8. Toen referent in het bezit werd gesteld van een verblijfsvergunning bestond er (anders dan nu) nog geen werkinstructie op grond waarvan de nareistermijn bij vermiste gezinsleden veilig gesteld wordt geacht als de hoofdpersoon binnen drie maanden na statusverlening een verzoek om een mvv-advies heeft ingediend ten behoeve van nog zoek zijnde gezinsleden.
Naar het oordeel van de rechtbank kan referent dan ook bezwaarlijk worden verweten dat hij niet direct nadat hem een vergunning was verleend, de referentenprocedure heeft geëntameerd.
9. De rechtbank komt tot de slotsom dat de feiten van het geval zodanig zijn dat de verzochte analogie zich opdringt.
10. Verweerder heeft de analogieredenering als door eisers verzocht niet willen maken.
In het besluit is dit gemotiveerd met de zinsnede dat de omstandigheid, dat referent er niet in slaagde contact te leggen met zijn kinderen, niet tot een ander oordeel leidt.
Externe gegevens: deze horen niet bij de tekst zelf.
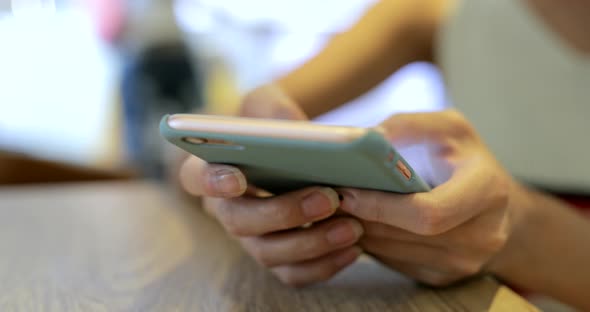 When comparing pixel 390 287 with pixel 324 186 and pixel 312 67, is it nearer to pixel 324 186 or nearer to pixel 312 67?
pixel 324 186

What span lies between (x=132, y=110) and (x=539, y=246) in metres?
2.00

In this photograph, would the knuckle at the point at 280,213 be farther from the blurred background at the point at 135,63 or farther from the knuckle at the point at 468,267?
the blurred background at the point at 135,63

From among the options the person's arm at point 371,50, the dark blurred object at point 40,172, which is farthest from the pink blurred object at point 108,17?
the person's arm at point 371,50

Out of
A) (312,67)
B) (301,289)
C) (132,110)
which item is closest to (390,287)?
(301,289)

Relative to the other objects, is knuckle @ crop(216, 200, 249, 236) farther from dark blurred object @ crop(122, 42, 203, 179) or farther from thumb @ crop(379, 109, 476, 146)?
dark blurred object @ crop(122, 42, 203, 179)

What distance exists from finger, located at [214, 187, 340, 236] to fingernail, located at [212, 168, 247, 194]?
0.04m

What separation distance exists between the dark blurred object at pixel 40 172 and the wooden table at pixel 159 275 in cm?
43

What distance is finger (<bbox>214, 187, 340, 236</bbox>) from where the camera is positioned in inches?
14.0

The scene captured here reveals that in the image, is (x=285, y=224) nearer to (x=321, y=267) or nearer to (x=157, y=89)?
(x=321, y=267)

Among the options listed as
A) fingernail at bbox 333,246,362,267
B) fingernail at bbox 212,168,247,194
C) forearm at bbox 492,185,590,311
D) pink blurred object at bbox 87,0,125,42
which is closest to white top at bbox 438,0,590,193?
forearm at bbox 492,185,590,311

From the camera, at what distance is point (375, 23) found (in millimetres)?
913

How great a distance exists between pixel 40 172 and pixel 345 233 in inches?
38.8

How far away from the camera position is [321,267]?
1.37 ft

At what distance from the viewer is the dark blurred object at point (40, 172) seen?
45.2 inches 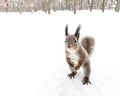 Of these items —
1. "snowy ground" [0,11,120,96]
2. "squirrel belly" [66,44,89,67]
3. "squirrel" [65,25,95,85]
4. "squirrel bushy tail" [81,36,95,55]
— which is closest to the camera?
"squirrel" [65,25,95,85]

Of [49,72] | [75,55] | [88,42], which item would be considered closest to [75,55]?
[75,55]

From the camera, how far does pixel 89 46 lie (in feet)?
14.2

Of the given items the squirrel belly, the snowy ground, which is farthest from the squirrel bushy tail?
the squirrel belly

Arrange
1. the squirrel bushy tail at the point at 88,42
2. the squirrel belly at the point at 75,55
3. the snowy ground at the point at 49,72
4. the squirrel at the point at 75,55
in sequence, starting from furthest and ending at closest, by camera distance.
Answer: the squirrel bushy tail at the point at 88,42 < the snowy ground at the point at 49,72 < the squirrel belly at the point at 75,55 < the squirrel at the point at 75,55

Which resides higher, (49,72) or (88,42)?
(88,42)

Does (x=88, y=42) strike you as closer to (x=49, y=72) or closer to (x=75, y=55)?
(x=75, y=55)

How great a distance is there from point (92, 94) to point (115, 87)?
67 cm

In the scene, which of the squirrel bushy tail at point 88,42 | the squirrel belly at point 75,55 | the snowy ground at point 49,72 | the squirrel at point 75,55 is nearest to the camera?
the squirrel at point 75,55

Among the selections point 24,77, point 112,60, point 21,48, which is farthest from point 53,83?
point 21,48

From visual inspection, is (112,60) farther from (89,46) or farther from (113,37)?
(113,37)

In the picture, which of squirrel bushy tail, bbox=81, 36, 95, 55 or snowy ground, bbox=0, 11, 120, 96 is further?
squirrel bushy tail, bbox=81, 36, 95, 55

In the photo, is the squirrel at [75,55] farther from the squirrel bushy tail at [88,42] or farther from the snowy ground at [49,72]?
the squirrel bushy tail at [88,42]

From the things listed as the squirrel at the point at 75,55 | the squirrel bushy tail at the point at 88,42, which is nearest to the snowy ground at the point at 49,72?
the squirrel at the point at 75,55

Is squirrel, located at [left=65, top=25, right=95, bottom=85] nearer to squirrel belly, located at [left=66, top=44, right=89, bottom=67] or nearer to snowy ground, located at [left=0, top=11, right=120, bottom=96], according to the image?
squirrel belly, located at [left=66, top=44, right=89, bottom=67] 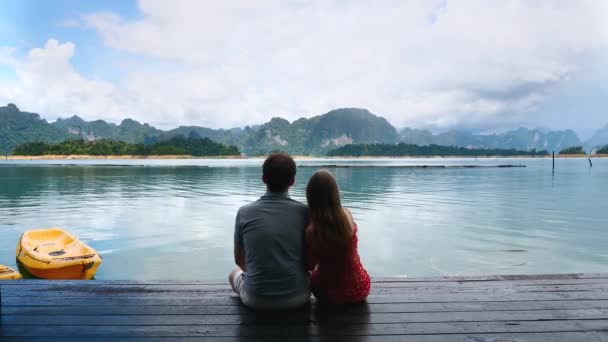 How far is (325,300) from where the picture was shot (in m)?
3.93

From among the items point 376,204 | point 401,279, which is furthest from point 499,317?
point 376,204

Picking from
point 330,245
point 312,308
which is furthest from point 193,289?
point 330,245

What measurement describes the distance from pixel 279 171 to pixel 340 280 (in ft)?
4.06

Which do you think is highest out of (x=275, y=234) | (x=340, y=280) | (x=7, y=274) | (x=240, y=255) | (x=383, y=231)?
(x=275, y=234)

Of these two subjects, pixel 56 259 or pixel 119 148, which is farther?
pixel 119 148

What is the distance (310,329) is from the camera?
3.48 m

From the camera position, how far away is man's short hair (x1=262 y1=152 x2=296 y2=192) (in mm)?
3443

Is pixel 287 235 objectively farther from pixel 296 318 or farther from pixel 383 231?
pixel 383 231

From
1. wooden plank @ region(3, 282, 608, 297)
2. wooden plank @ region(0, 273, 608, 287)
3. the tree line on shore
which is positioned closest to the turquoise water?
wooden plank @ region(0, 273, 608, 287)

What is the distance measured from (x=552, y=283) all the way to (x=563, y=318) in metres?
1.15

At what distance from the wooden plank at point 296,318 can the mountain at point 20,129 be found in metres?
206

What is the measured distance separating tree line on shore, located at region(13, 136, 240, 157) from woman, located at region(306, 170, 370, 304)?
522 ft

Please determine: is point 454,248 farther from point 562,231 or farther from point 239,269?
point 239,269

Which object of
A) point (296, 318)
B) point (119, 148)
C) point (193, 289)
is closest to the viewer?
point (296, 318) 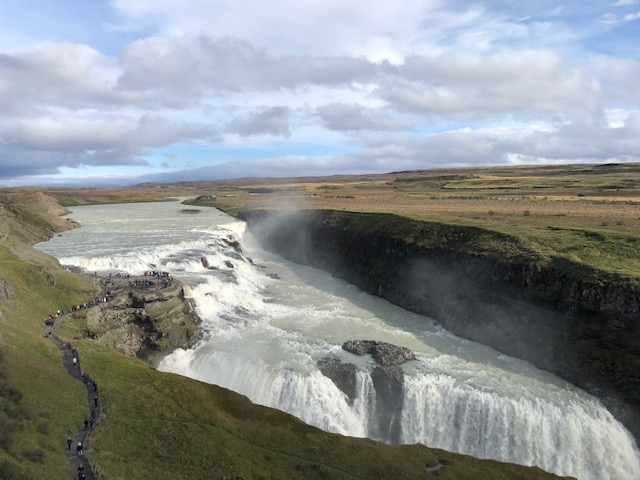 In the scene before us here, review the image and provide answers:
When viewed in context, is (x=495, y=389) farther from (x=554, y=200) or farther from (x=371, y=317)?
(x=554, y=200)

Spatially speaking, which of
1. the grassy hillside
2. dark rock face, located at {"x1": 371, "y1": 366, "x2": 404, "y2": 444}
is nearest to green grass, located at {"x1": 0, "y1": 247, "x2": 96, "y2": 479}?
the grassy hillside

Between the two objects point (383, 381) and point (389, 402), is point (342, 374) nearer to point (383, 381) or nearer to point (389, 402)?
point (383, 381)

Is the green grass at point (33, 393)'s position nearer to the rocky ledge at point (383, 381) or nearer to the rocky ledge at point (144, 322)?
the rocky ledge at point (144, 322)

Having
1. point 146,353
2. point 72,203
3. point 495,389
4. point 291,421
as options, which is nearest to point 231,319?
point 146,353

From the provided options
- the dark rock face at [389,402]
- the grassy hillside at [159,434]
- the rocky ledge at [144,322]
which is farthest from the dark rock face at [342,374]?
the rocky ledge at [144,322]

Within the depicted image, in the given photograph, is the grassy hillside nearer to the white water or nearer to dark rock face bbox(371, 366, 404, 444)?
the white water

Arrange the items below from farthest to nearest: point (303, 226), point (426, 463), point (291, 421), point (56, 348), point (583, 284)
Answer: point (303, 226)
point (583, 284)
point (56, 348)
point (291, 421)
point (426, 463)

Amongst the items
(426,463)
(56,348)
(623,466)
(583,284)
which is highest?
(583,284)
Met deze enkele overweging is verweerder onvoldoende ingegaan op de door eisers naar voren gebrachte bijzondere omstandigheden. Bovendien heeft verweerder zich bij het beoordelen van deze omstandigheden onvoldoende rekenschap gegeven van de ratio van artikel 29, eerste lid, aanhef en sub e, van de Vw 2000 en de internationale regelgeving waaraan genoemde nationale bepaling beoogt uitvoering te geven.
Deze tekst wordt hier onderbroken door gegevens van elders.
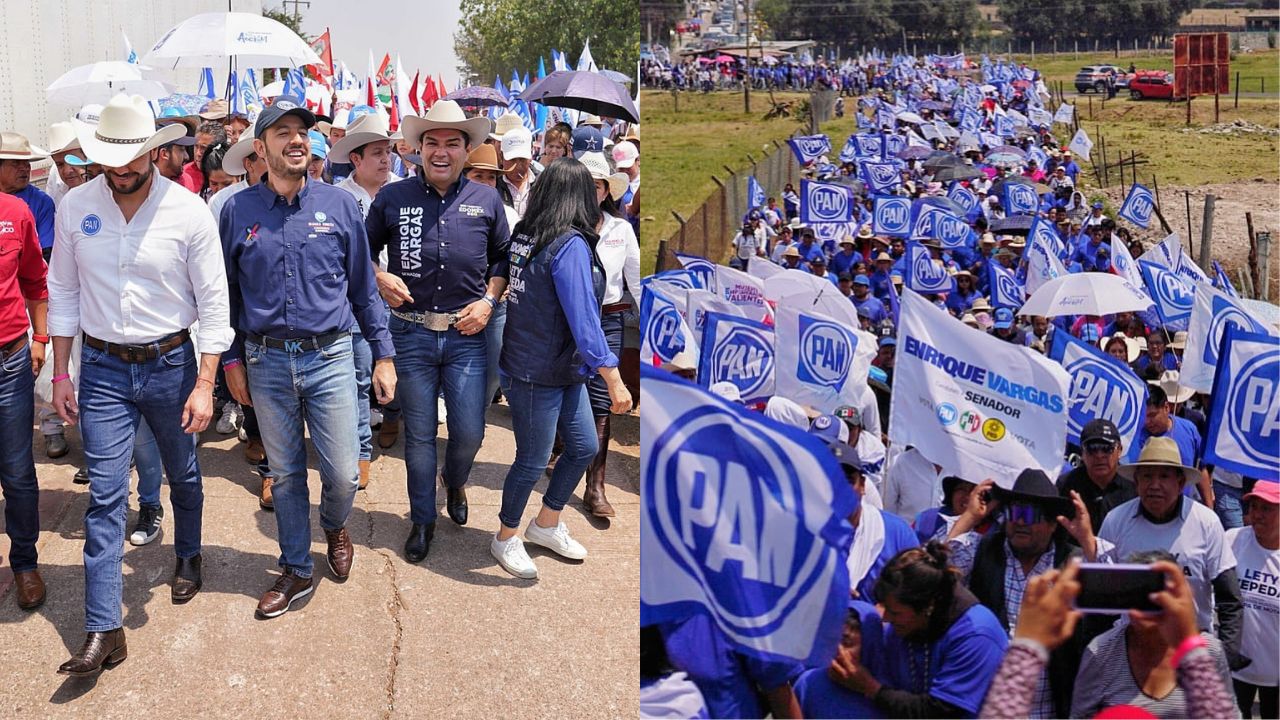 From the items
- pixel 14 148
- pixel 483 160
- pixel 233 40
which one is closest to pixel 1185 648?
pixel 483 160

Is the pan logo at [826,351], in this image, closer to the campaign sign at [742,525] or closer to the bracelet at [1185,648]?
the campaign sign at [742,525]

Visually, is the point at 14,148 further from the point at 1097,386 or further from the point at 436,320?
the point at 1097,386

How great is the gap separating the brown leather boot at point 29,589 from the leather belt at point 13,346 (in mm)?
770

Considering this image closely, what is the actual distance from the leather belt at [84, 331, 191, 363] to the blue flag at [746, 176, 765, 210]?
1.99 metres

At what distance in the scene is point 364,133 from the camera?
18.0 feet

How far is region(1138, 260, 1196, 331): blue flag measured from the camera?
6707 millimetres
Ten aanzien van de subsidiaire beroepsgrond
11. De rechtbank ziet aanleiding ook in te gaan op de subsidiaire beroepsgrond van eisers. Aan zijn overweging dat uit artikel 8 van het EVRM geen positieve verplichting voortvloeit heeft verweerder ten grondslag gelegd dat niet vaststaat dat referent nimmer aan het middelenverreiste zal kunnen voldoen. Verweerder heeft zich hierbij rekenschap gegeven van het bestaan van een objectieve belemmering om het gezinsleven in Uganda uit te oefenen.
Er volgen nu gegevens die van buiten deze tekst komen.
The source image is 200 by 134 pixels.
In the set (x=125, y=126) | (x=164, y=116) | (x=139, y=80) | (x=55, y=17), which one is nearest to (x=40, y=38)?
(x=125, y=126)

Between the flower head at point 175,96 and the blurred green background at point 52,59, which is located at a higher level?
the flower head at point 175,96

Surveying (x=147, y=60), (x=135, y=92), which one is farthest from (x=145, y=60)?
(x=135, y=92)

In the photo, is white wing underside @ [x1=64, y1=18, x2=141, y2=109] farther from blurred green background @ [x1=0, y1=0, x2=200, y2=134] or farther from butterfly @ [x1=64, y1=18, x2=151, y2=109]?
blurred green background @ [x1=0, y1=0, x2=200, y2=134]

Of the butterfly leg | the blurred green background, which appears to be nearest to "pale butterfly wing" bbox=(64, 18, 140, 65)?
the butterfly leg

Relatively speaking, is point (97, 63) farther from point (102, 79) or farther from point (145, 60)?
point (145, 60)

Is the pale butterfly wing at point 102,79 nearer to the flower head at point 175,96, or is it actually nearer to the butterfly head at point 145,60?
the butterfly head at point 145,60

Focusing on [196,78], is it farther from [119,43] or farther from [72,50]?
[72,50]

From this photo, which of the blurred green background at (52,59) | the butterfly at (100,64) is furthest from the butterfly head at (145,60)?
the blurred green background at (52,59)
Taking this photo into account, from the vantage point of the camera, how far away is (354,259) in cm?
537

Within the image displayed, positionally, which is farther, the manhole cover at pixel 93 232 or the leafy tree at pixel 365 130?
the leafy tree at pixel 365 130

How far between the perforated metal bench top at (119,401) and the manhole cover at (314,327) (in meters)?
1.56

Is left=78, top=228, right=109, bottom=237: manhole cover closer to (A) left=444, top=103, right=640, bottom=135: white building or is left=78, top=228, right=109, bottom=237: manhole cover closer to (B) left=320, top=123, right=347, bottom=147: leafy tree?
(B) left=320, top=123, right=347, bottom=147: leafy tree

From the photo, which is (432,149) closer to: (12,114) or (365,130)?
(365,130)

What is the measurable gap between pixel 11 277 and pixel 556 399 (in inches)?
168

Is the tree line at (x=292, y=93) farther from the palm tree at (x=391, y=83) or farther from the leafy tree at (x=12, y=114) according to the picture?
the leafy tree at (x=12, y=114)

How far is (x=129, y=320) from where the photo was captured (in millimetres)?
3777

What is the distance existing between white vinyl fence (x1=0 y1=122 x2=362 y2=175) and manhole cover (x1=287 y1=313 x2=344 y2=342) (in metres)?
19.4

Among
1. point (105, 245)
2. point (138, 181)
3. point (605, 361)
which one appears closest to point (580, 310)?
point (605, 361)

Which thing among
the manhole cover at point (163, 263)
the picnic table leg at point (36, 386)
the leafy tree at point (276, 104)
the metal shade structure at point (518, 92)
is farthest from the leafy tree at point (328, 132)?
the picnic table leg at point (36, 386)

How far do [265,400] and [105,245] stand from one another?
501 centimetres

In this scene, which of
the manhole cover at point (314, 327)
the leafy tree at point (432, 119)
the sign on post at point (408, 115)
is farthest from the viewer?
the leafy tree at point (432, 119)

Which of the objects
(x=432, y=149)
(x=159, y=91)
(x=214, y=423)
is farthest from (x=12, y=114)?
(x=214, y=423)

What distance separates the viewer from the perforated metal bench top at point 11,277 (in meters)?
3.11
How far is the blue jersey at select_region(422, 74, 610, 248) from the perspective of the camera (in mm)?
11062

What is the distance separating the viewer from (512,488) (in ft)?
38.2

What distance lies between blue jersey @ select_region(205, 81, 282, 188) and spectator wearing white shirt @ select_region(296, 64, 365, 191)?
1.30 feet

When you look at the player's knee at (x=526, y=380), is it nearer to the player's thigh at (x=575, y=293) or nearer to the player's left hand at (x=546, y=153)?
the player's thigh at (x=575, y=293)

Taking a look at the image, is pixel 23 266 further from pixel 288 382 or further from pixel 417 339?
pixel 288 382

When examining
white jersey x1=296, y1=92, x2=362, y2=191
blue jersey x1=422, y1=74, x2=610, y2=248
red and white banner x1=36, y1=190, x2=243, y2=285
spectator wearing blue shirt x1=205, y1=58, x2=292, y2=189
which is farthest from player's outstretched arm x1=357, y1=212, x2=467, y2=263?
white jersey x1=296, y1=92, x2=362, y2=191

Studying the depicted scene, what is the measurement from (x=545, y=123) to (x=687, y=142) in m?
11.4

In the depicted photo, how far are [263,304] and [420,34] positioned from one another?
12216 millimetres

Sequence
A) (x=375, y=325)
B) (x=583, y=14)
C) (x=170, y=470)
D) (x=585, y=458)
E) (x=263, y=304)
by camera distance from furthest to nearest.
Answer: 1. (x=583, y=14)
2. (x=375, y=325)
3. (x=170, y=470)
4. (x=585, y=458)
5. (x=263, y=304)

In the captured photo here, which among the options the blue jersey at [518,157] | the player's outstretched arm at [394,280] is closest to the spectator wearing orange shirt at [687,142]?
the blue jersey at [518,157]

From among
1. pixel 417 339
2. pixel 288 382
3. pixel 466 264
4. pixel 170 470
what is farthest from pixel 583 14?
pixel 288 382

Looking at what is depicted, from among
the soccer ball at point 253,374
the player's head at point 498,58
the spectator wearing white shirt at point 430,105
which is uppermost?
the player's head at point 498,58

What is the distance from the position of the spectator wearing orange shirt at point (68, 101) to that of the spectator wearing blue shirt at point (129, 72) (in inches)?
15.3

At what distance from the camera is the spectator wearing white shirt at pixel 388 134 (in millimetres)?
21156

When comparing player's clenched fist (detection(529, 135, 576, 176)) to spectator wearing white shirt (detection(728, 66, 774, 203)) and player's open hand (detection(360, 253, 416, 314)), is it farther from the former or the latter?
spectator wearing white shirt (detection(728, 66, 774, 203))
De rechtbank is van oordeel dat ook dit standpunt van verweerder niet zorgvuldig is voorbereid en ontoereikend is gemotiveerd. Verweerder heeft immers niet kenbaar de omstandigheden weergegeven in V. 6, 7 en 8 bij de belangenafweging betrokken.
12. De slotsom is dat het bestreden besluit is genomen in strijd met de artikelen 3:2 en 7:12, eerste lid, van de Awb. Derhalve zal het beroep gegrond worden verklaard, het bestreden besluit worden vernietigd en bepaald worden dat verweerder een nieuw besluit neemt met inachtneming van deze uitspraak.
13. Gelet op het voorgaande is er aanleiding om verweerder als de in het ongelijk gestelde partij te veroordelen in de kosten die eisers in verband met de behandeling van het beroep bij de rechtbank redelijkerwijs hebben moeten maken, welke kosten op grond van het Besluit proceskosten bestuursrecht zijn vastgesteld op € 805,-- als kosten van verleende rechtsbijstand (1 punt voor het beroepschrift, 1 punt voor het verschijnen ter zitting, 0,5 punt voor het verschijnen ter nadere zitting; waarde per punt € 322,--, wegingsfactor 1).
VI. BESLISSING
De rechtbank
1. verklaart het beroep gegrond;
2. vernietigt het bestreden besluit;
3. bepaalt dat verweerder binnen zes weken na verzending van de uitspraak een nieuw besluit neemt met inachtneming van deze uitspraak;
4. veroordeelt verweerder in de proceskosten, begroot op € 805,-- (zegge: achthonderd en vijf euro), te betalen door de Staat der Nederlanden aan de griffier.
Deze uitspraak is gedaan op 13 april 2007 door mr. H.J.M. Baldinger, voorzitter, in tegenwoordigheid van drs. Y.A.P. Huijbregts-Kegels, griffier, en bekendgemaakt door verzending aan partijen op de hieronder vermelde datum.